On his better days, Donald Trump is a master of the moment.
During his rallies in the 2016 election campaign, for example, when he called on people to MAGA ("Make America Great Again"), and a few weeks after inauguration when he gave a somewhat conciliatory speech, he found a tone that, although bombastic, was also dignified, and made a good impression on his audience - at least for the duration of those speeches.
The effect, however, was of limited duration, because his earlier speeches had shown us a different Trump. One who had drawn attention with far less generous sentiments - sentiments at odds with the magnanimity he subsequently professed.
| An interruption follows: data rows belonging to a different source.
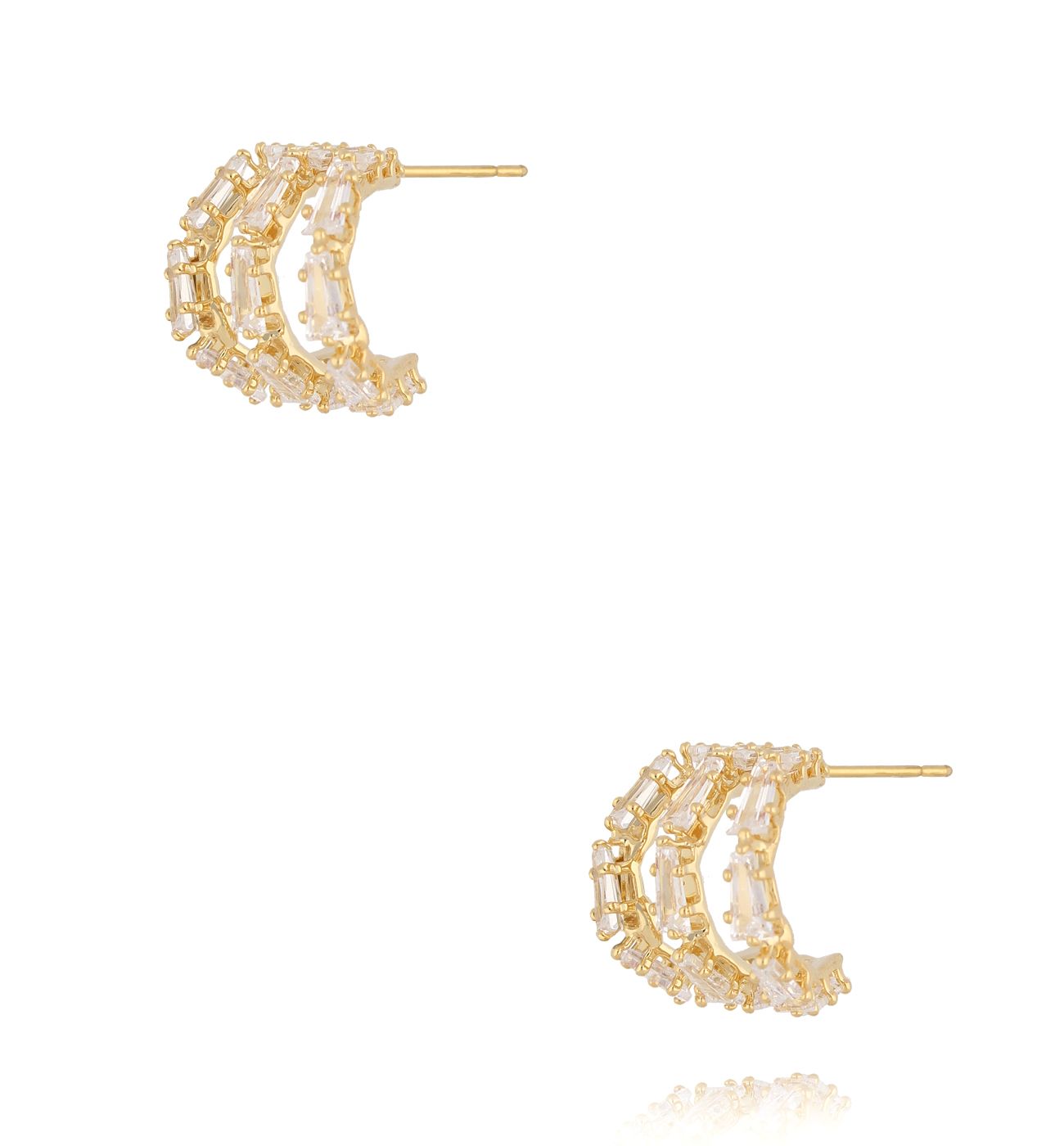 Kolczyki złote z potrójnym pierścieniem cyrkonii - By Dziubeka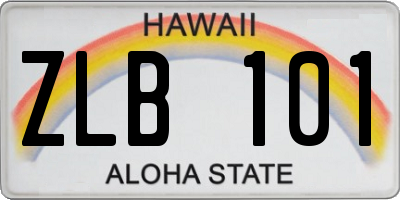 HI license plate ZLB101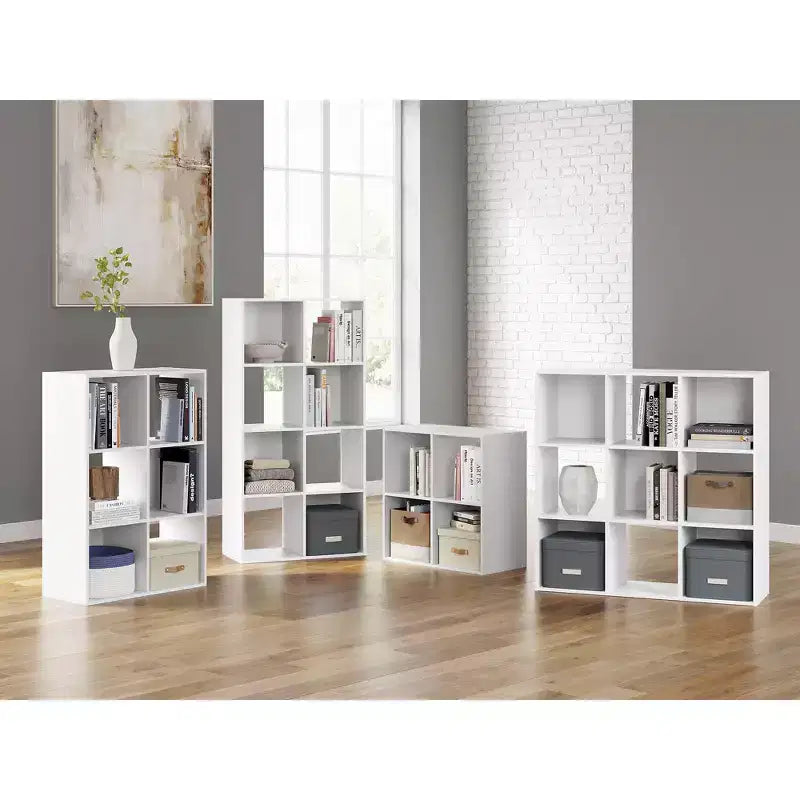 Signature Design by Ashley 9 Cube Storage Organizer - Versatile Open Bookcase and Display Unit for Modern Home Organization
We have now seen something similar with his highly anticipated keynote speech on Islam. The setting was impressive: the political lords of the Arab world, the men who tell their respective Middle Eastern peoples what's what, were all assembled in Riyadh. But unlike former President Barack Obama's speech in 2009 in front of students at the University of Cairo, the people themselves were not represented.
The art of politeness
Addressing the gathering in Riyadh, Trump said much that was correct, although once again his conciliatory tone was strangely at odds with his earlier actions, such as his attempt to ban all citizens from six Islamic countries from entering the United States. During the debate about the travel ban earlier this year, Trump used a very different tone to the one he switched to in Riyadh.
There, he showed generosity. The current violence in the Middle East was "not a battle between different faiths, different sects, or different civilizations." Rather, it was "a battle between barbaric criminals who seek to obliterate human life, and decent people of all religions who seek to protect it."
Trump's assurance that the US was "not here to tell other people how to live, what to do […] or how to worship" was also constructive. And the call on those in authority in the Arab world to take their own action against Islamic extremists was expressed in a polite, and therefore suitable, tone.
Contradictions
Nonetheless, the speech left a sense of unease because it didn't fit with other comments Trump had made just a day earlier, on the same trip.
When he announced the arms deal with Saudi Arabia - worth $110 billion (around 98 billion euros) - he spoke of the "beautiful military equipment" and the "great security" these weapons would guarantee.
For the people of Yemen, on whom Saudi Arabia is currently inflicting an aerial war as brutal as it is cowardly, this must sound like mockery.
And what must Egyptians think, whose government is increasingly jettisoning human rights standards - and whose security Trump praised on his trip as "very strong"? As if the political, economic and constitutional deficiencies on which jihadism in Egypt thrives simply did not exist.
Unease about the unsaid
The speech also revealed the dark flip side of the way Trump enthusiastically abandons himself to the moment. The president is so fixated on the here and now that he all too seldom thinks of other aspects.
The difficult human rights situation in Saudi Arabia, the kingdom's sometimes exaggerated panic about Iran - these are all issues that, to put it politely, do little to contribute to "great security."
Most of what Trump said in his speech about Islam was appropriate and understandable. It is therefore all the more difficult to understand why he simply swept decisive issues under the carpet. The speech was encouraging, but it's unlikely to achieve the expected results.